At 69000 miles I developed a leak from the transmission. We were on a vacation pulling our 27’ travel trailer. The transmission started leaking in Seattle, WA. I bough a case of transmission fluid and fed the beast a quart about every half tank full of fuel.
I got the beast back to San Francisco and took it to San Bruno Ford and they found the front pump in the transmission had failed. After many argument s with the warranty company they did pay the claim ($4600). They had to remove the transmission to replace the pump.
Now it has 103k miles and I just got a code (I bought a $100 dollar code scanner) indicating I have a misfire in cylinder #4 (again).
We should have bought a Chevrolet Suburban.
We like the look of the car
We like its features.
We have driven around 45k miles pulling a large trailer.
I have used the 4wd many times on snow, sand, and muddy mountain trails.
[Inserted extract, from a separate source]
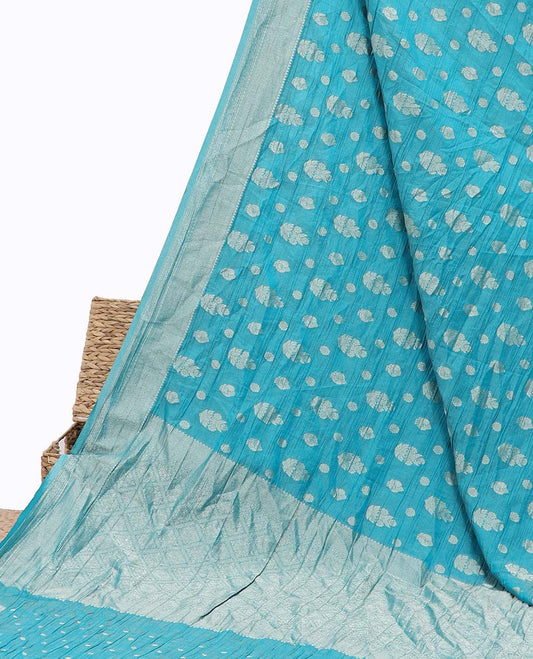 Blue crushed tissue saree with buttas, traditional design border & jaal pallu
I am not happy with its mechanical performance.
Altough I have replace nearly everything, I have a second truck the same year as this on with more miles that I bought new and have only replaced spark plugs and brakes once on it.
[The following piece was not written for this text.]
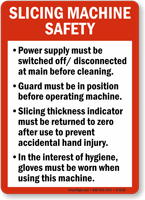 Slicing Machine Safety Guidelines Sign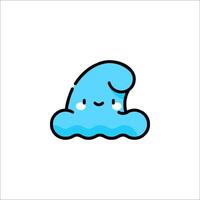 A cartoon blue cloud with a sad face vector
Would you buy another car from this manufacturer? Don't Know
Review Date: 7th February, 2007
9th Feb 2007, 11:33
If you hadn't been so badly ripped off by mechanics, your experience might have been more palatable. Probably the spark plug blew out (which I've never heard of before) because somebody previously cross-threaded it and ruined the threads. However, you do not need to replace the entire engine over this. What any reputable garage or machine shop would do is drill out the mangled threads and install a Heli-Coil, into which the spark plug will fit. You're talking a couple hundred dollars. My opinion is that the warranty was a waste of money. After all, for the $1,200 you spent, you could have fixed the problem and still been ahead.
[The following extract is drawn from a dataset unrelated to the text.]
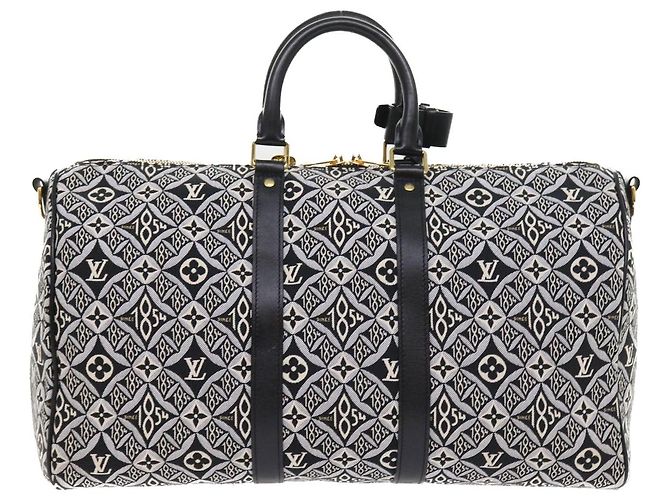 LOUIS VUITTON DAL 1854 Keepall Bandoulière 45 Jacquard M57304 LV Auth 56155SM Nero - vista 2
The leaking transmission seal was a tough one to happen on the road, and undoubtedly led to the eventual failure of the transmission. The transmission was good, but the seal went bad for some reason. It's odd to leak that badly on a low mileage vehicle. I wonder if you got sand or grass wrapped around the yoke, which tore up the seal while you were 4-wheeling.
9th Feb 2007, 14:54
Ouch buddy! you got ripped off! there is no way-shape-or-form that a problem with the spark plug like that should EVER need the engine to be replaced. the comment about the transmission is very likely. seals go bad because of age, or if something is imposed on it to alter its position or destroy it.
Actually seals can go bad because of improper machining clearances from the factory or during rebuild. They can go bad due to bad bearings, bushings or thrust washers. They can go bad from improper fluids, which are not compatible with their rubber or material composition. They can dry, they can swell, and they can fail from heat. I could write an entire article on possible causes or situations leading to seal failure, especially seals on rotating parts, particularly transmission seals.
Thanks... Bachittar Singh (Heavy Duty Diesel/Automotive Mechanic) and owner of an 02 Expedition.
Since this burns so much fuel, it likely sits a lot and the seals dried up. I had vehicles that were fuel hogs and by no means daily drivers. At least run it for 15 minutes every 2 or 3 weeks. And drive the little new econo buggy most of the time.